Una Guardia Forestale arriva e con la sua barca si avvicina a quella della donna:
– “Buongiorno, Signora. Le posso chiedere che cosa sta facendo?”
– “Sto leggendo un libro, vede?” – risponde lei.
– “Signora, lei si trova in una zona in cui è vietata la pesca!”
– “Agente, io non sto pescando. Sto leggendo il mio libro!”
– “Signora, lei però ha con sé in barca tutta l’attrezzatura necessaria alla pesca. Per quanto ne so potrebbe cominciare in qualsiasi momento. Devo portarla con me e fare rapporto”.
– “Se lo fa, agente, dovrò denunciarla per molestia sessuale” – ribatte la donna.
– “Ma se non l’ho nemmeno toccata!” – dice la Guardia Forestale.
– “Questo è vero, ma possiede tutta l’attrezzatura. Per quanto ne so potrebbe cominciare in qualsiasi momento!”
– “Le auguro buona giornata, signora” – La guardia se ne va.
Carina, vero? D’altronde chi potrebbe pensare di prendere provvedimenti con qualcuno solo perché, potenzialmente, potrebbe fare qualcosa di sbagliato?
Eppure ci succede ogni giorno o quasi.
Quando compriamo supporti digitali, tablet, smartphone, chiavette usb, hard disc e chi più ne ha più ne metta.
Si chiama “equo compenso” e, se per cellulari e tablet incide in modo irrisorio, il discorso si fa diverso quando parliamo di hard disc e chiavette.
Ma non voglio correre.
Cos’è l’equo compenso?
Si tratta di una cifra che viene fatta pagare all’acquirente, formalmente per “legittimare la copia per uso privato” ma, sostanzialmente, perché potrebbe potenzialmente copiare su quei supporti materiale protetto da copyright.
Ripeto: “potrebbe”.
In pratica io, che sviluppo software e che sugli hard disc salvo backup di qualcosa prodotto esclusivamente da me, devo pagare la SIAE perché, se volessi, potrei copiarci sopra una canzone.
Una canzone che potrei aver regolarmente comprato, tra l’altro.
Una canzone che, se ho comprato su Itunes (per fare un esempio), ho anche già pagato un po’ di più proprio per poterla copiare su altri supporti (Itunes da qualche anno ha sprotetto la musica acquistata, facendola pagare qualche centesimo in più per questo).
Già, perché (se vogliamo seguire la prima “ufficiale” descrizione di questo balzello) noi non abbiamo diritto di avere una copia di qualcosa che compriamo.

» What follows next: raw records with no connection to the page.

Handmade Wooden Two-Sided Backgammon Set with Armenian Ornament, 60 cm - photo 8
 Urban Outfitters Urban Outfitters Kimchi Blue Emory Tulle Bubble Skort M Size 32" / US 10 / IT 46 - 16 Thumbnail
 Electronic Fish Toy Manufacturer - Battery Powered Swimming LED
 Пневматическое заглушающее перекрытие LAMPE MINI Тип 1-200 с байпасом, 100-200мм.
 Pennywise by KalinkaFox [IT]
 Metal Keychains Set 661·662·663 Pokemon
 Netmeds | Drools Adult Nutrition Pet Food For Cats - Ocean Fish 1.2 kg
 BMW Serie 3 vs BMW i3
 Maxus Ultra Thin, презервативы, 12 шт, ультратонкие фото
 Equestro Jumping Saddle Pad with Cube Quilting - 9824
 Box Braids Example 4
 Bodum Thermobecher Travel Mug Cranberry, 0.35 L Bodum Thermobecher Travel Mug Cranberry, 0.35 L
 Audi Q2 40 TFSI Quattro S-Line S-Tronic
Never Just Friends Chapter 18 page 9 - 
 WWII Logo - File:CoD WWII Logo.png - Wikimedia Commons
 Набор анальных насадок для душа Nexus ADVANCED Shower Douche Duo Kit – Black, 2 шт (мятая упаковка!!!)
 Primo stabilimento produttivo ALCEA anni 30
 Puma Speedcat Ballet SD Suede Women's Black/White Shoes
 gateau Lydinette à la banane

Paghiamo fior di soldi (perché sì, un blu-ray a 25 euro non è regalato, così come un cd a 15 o 20) e non avremmo diritto di farne una copia di sicurezza, a meno di pagare questa cifra.
E, per capirci, stiamo dicendo che su un hard disc da 500GB io spendo 5 euro di equo compenso.
Per un qualcosa che non è affatto detto succederà.
Io devo pagare 5, 10, 20, 30 euro (gli hard disc da 3TB sono ormai ben diffusi) anche se quell’hard disc lo userò per salvare le foto e le riprese fatte ai miei gatti.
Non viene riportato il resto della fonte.